## EXERCISE DETAILS:
Copy exactly the stretch of data below from the line with "Ⅲ 외국인의 국민건강보험" through the line with "Corcoran Dog Park - Corcoran, CA", including both of those lines.

## ENTRIES SUPPLIED:
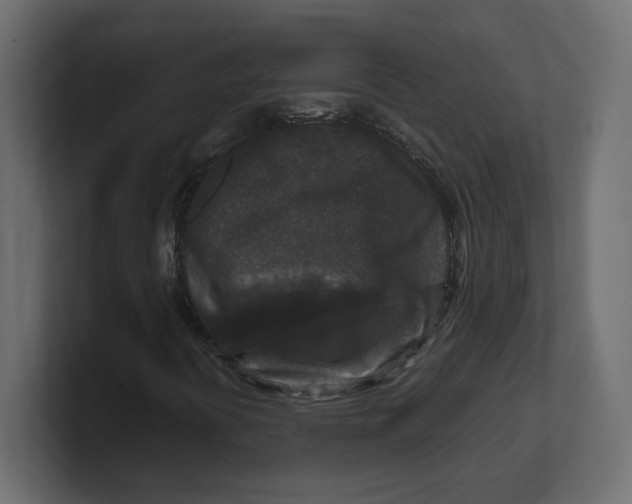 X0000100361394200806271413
* * *
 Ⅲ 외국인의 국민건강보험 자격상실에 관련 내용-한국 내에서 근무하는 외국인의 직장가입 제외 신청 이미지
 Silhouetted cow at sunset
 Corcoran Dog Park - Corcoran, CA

## RESPONSE FOR THIS EXERCISE:
 Ⅲ 외국인의 국민건강보험 자격상실에 관련 내용-한국 내에서 근무하는 외국인의 직장가입 제외 신청 이미지
 Silhouetted cow at sunset
 Corcoran Dog Park - Corcoran, CA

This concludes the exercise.